Extracted data entries:
========================================================================

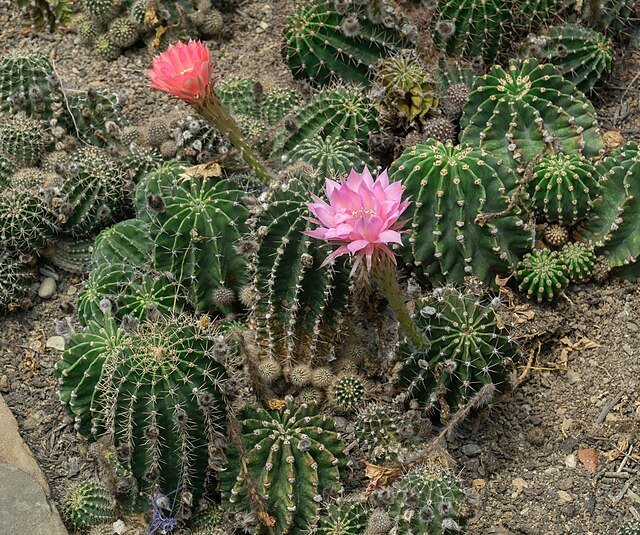 Pine View Nursery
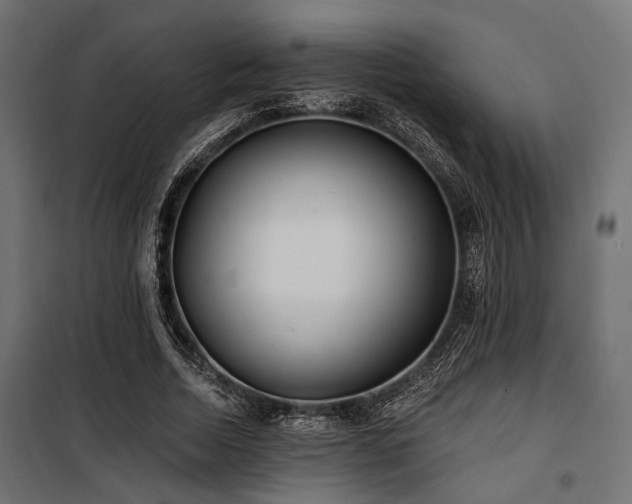 X0000100750730200806191143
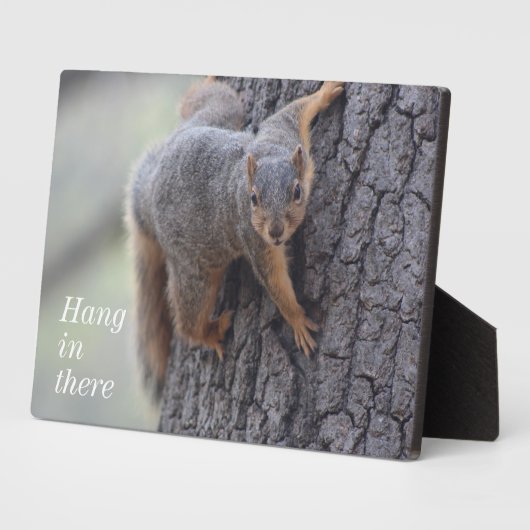 Klapeekhoorn Fotoplaat (Zijkant)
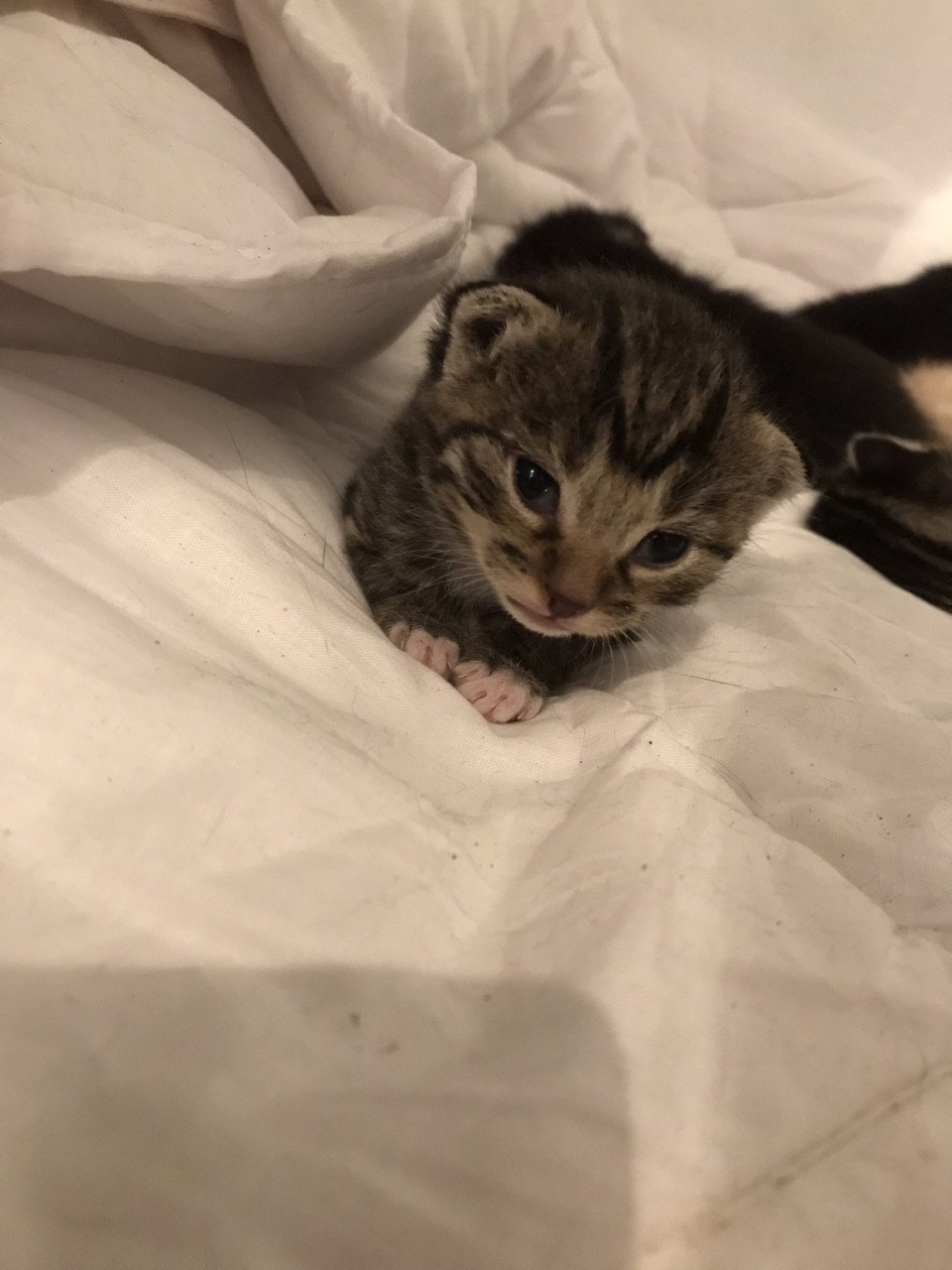 Kittens zoeken gouden mandje!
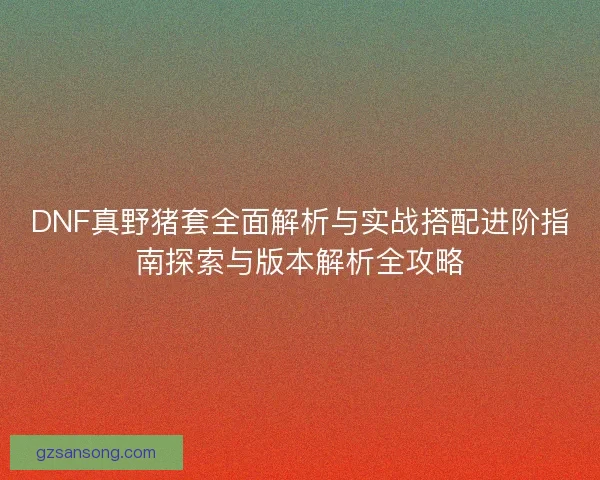 DNF真野猪套全面解析与实战搭配进阶指南探索与版本解析全攻略
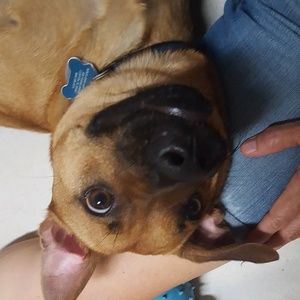 Meet your Posher, Susannah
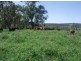 283 Rodgers Road, Tabulam NSW 2469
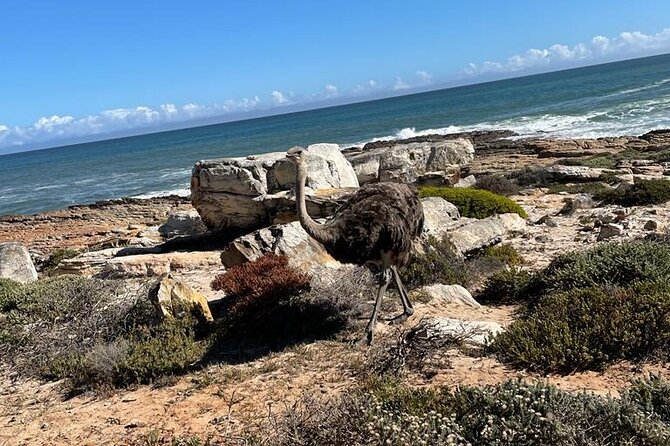 Private Tour: Table Mountain Boulders Beach Penguin Cape Point - Table Mountain Excursion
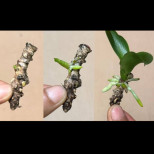 Ето как да съживите сухото чуканче от орхидея! Ще израстат много зелени корени:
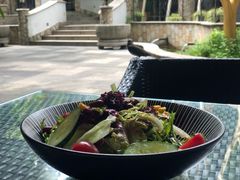 素菜色拉-得丘礼享谷·玉兰苑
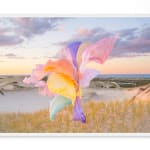 Amanda Means, Light Bulb 29, 2024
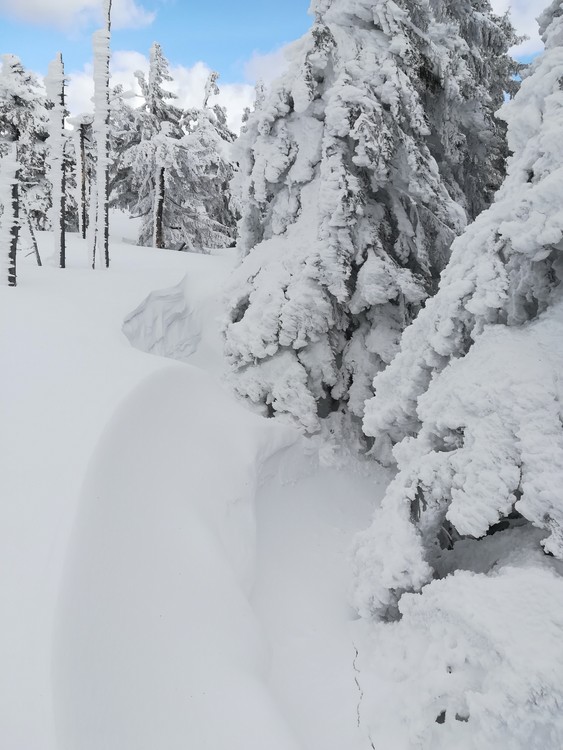 Náhled obrázku: IMG_20210322_142430.jpg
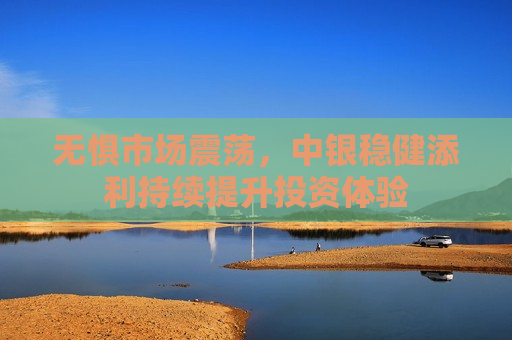 无惧市场震荡，中银稳健添利持续提升投资体验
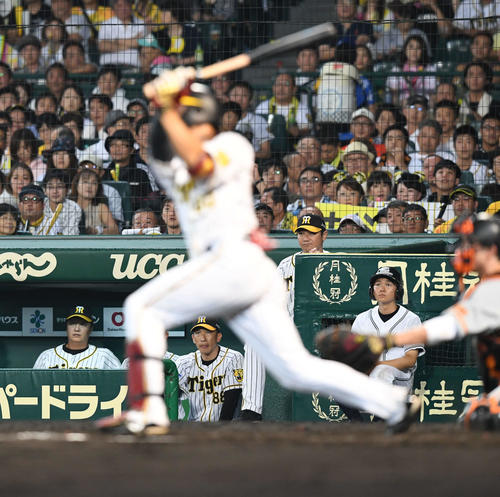 阪神対巨人　7回裏阪神2死、矢野監督（後方中央）は代打中谷の左越えソロ本塁打を見つめる（撮影・山崎安昭）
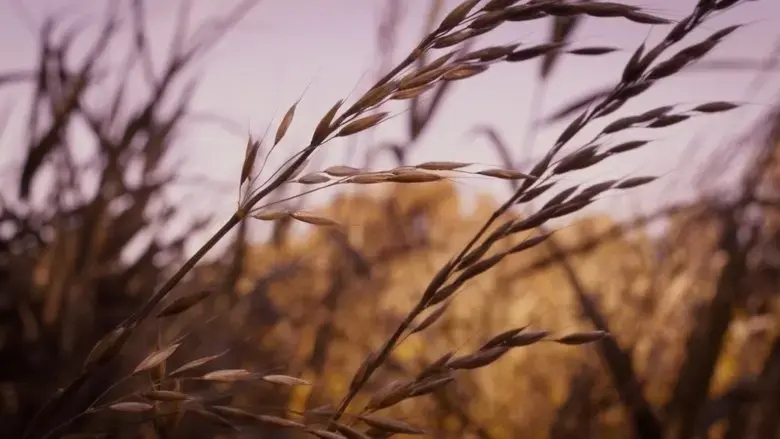 The Sound of the End (2023)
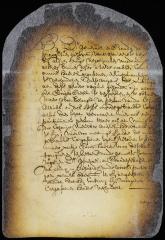 Order that merchants from the South river who desire to carry on trade at New Amsterdam must take out citizenship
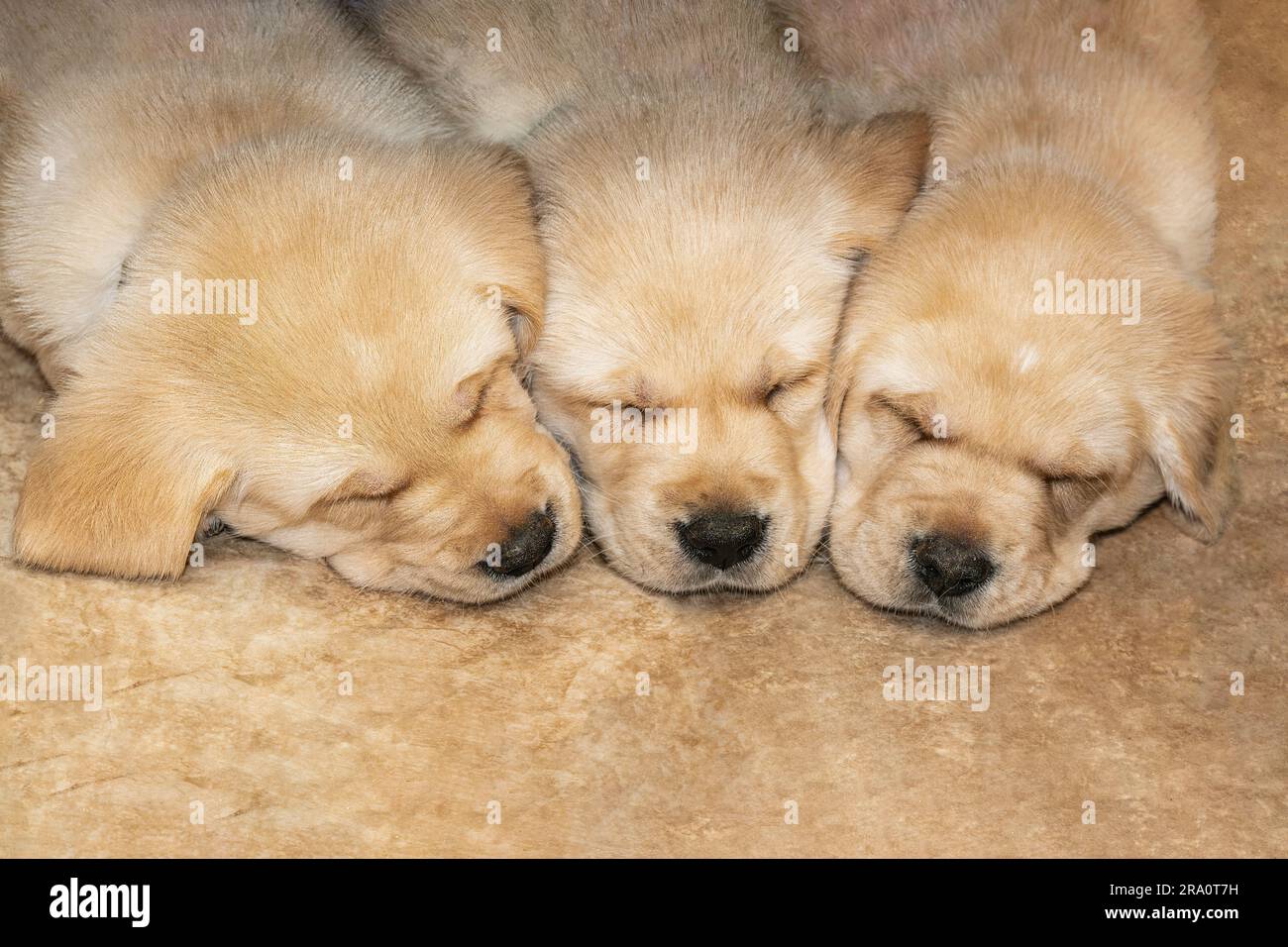 Nahaufnahme eines die Gesichter von drei Labrador Golden Retriver Mix Welpen, die im Schlaf zusammengekuschelt sind Stockfoto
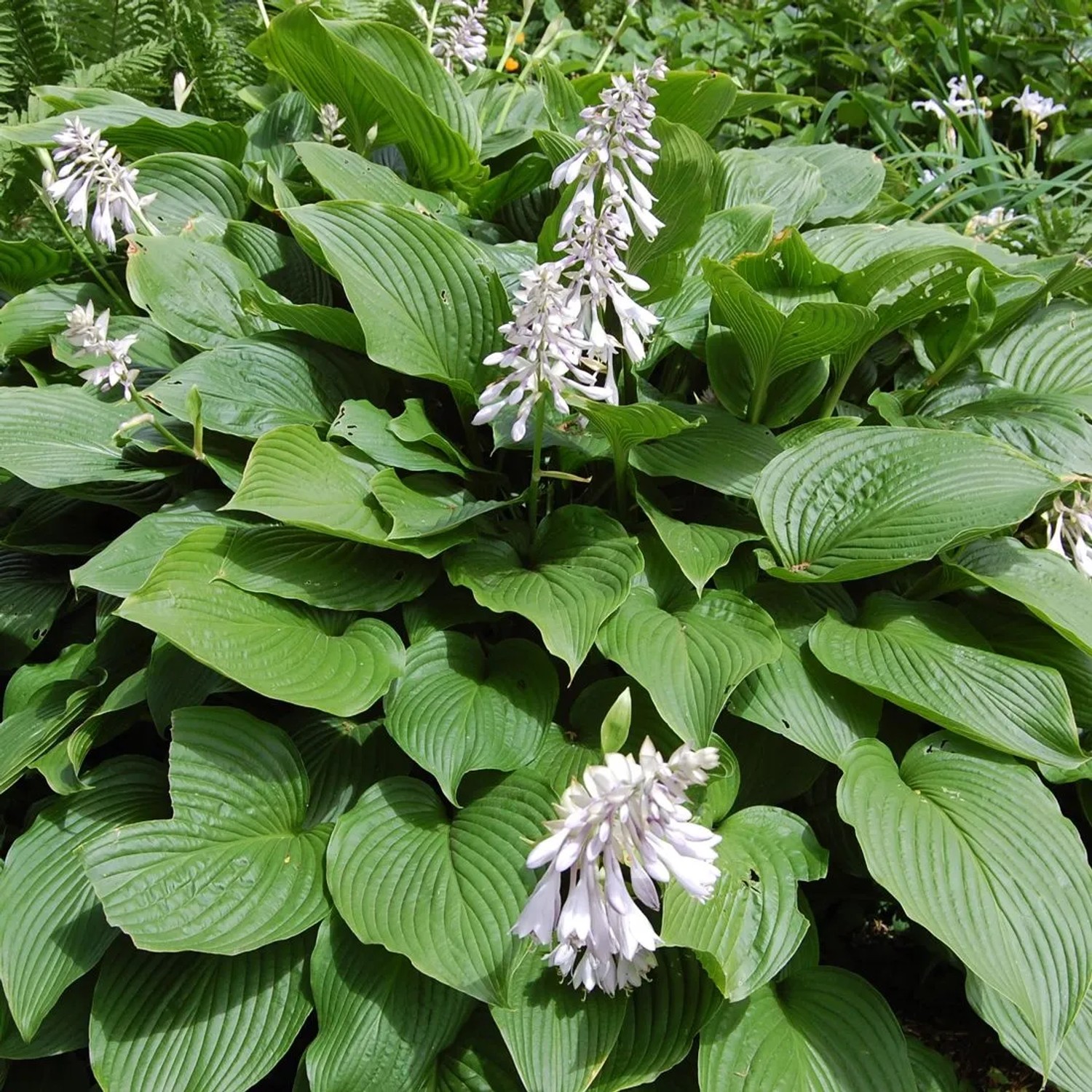6 x Siebold-Funkie Hosta sieboldiana Topf 9cm Großes Blatt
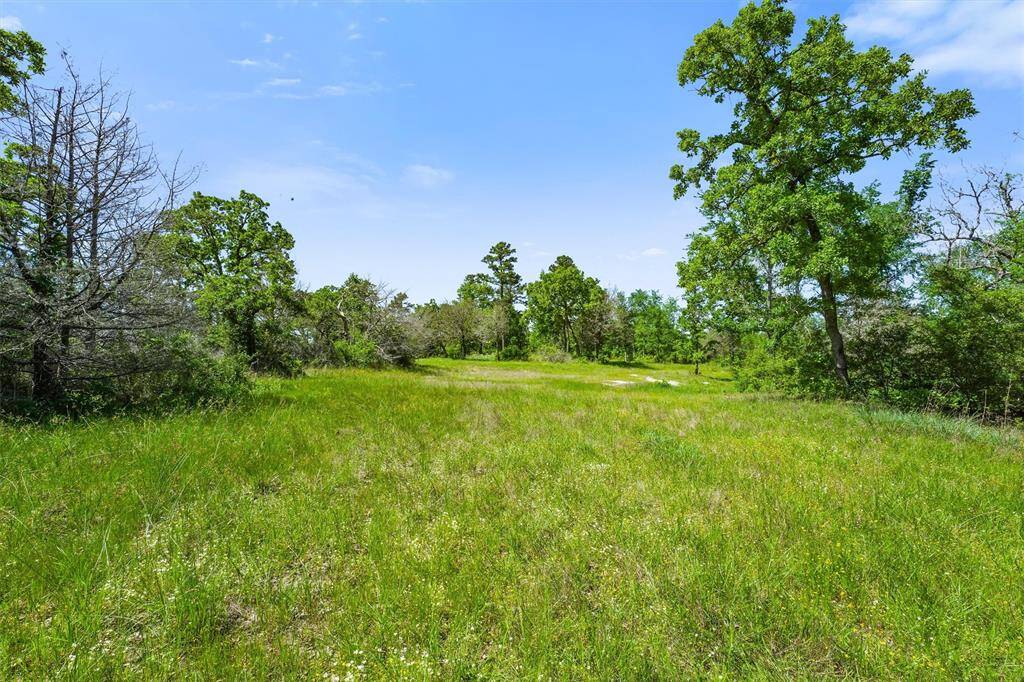 A spacious, open grassy lot with scattered trees, offering a serene natural setting under a clear blue sky. Ideal for building a home with plenty of privacy and lush greenery.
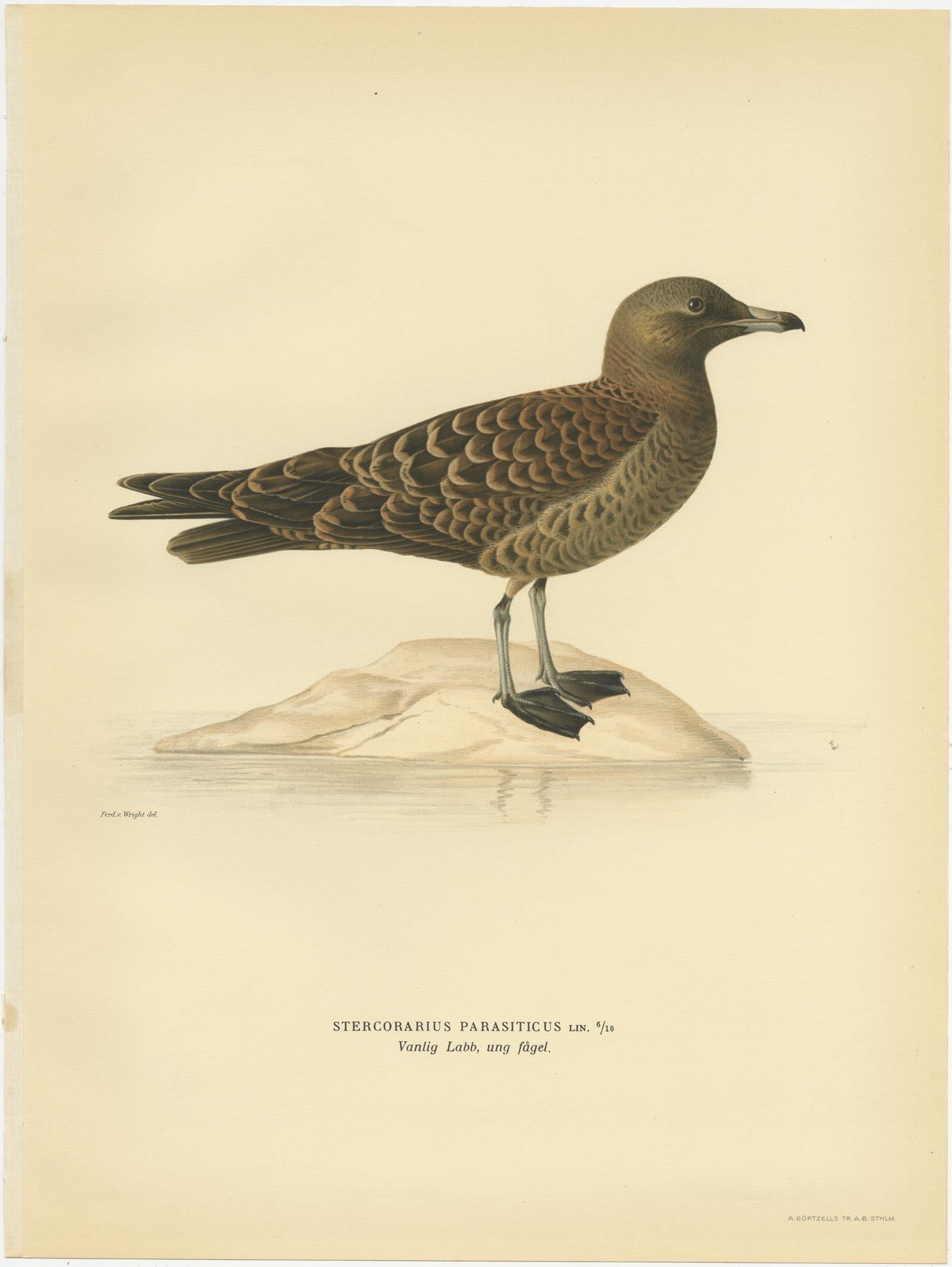 Antique Bird Print of the Parasitic Jaeger by Von Wright, 1929 In Good Condition For Sale In Langweer, NL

========================================================================

EXERCISE: Write out again, exactly, each line from the one with "Order that merchants" to the end of the entries. No pictures go in.

EXERCISE OUTPUT:
 Order that merchants from the South river who desire to carry on trade at New Amsterdam must take out citizenship
 Nahaufnahme eines die Gesichter von drei Labrador Golden Retriver Mix Welpen, die im Schlaf zusammengekuschelt sind Stockfoto
6 x Siebold-Funkie Hosta sieboldiana Topf 9cm Großes Blatt
 A spacious, open grassy lot with scattered trees, offering a serene natural setting under a clear blue sky. Ideal for building a home with plenty of privacy and lush greenery.
 Antique Bird Print of the Parasitic Jaeger by Von Wright, 1929 In Good Condition For Sale In Langweer, NL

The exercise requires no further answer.